Bringing light and life to family priorities
Oral Presentation
October 13th 2022 at 5:30pm
Institution: Children's Health Queensland Hospital and Health Service - Queensland, Australia
Background
Queensland is a vast state with travel distances between Brisbane and some towns being as much as 2000 km. Aeroplane travel can be complex as children requiring PPC (paediatric palliative care) are likely to require an escort in order to provide medical care (e.g. oxygen, suction, seizure management, consideration of seating).
Aim
This presentation aims to highlight some of the complexity related in planning for teenage children with significant disability and PPC needs to travel to Brisbane.
Methods
Case 1 involved an adolescent girl, A, with severe cerebral palsy and from a Frist Nations Cultural background. Her foster carer had significant care burden and required respite in late 2016. There were no facilities or in home supports to provide this locally. Travelling to Brisbane for this support was explored, but was difficult, due to G not being able to travel on a commercial flight. It required booking a retrieval aeroplane which would cost significant funds (> $50 000) which was not possible at the time.
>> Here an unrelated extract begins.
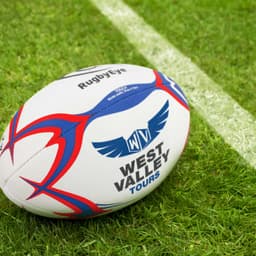 A white touch rugby ball with red and blue accents, featuring a logo on the surface, set on grass.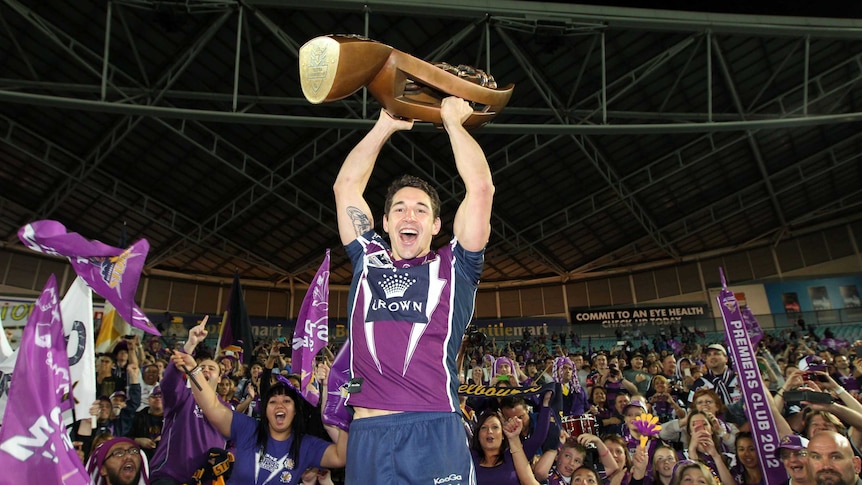 Melbourne Storm player Billy Slater lifts the NRL premiership trophy in front of fans after the 2012 grand final.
Case 2 involved an adolescent boy, B, who also had severe cerebral palsy and was from a First Nationals cultural background. He was currently cared for in a “care home” and had regular contact with his biological family. He required a review in Brisbane at the spinal clinic to assess progress of his spine after surgery. Like A, Transfer by retrieval aeroplane was the only way to transfer him to Brisbane. Transfer was possible, and he was able to stay in Brisbane for approximately one week for a “specialist short break stay” with his family at Hummingbird House, and able to visit both the spinal clinic, and also the zoo at this time.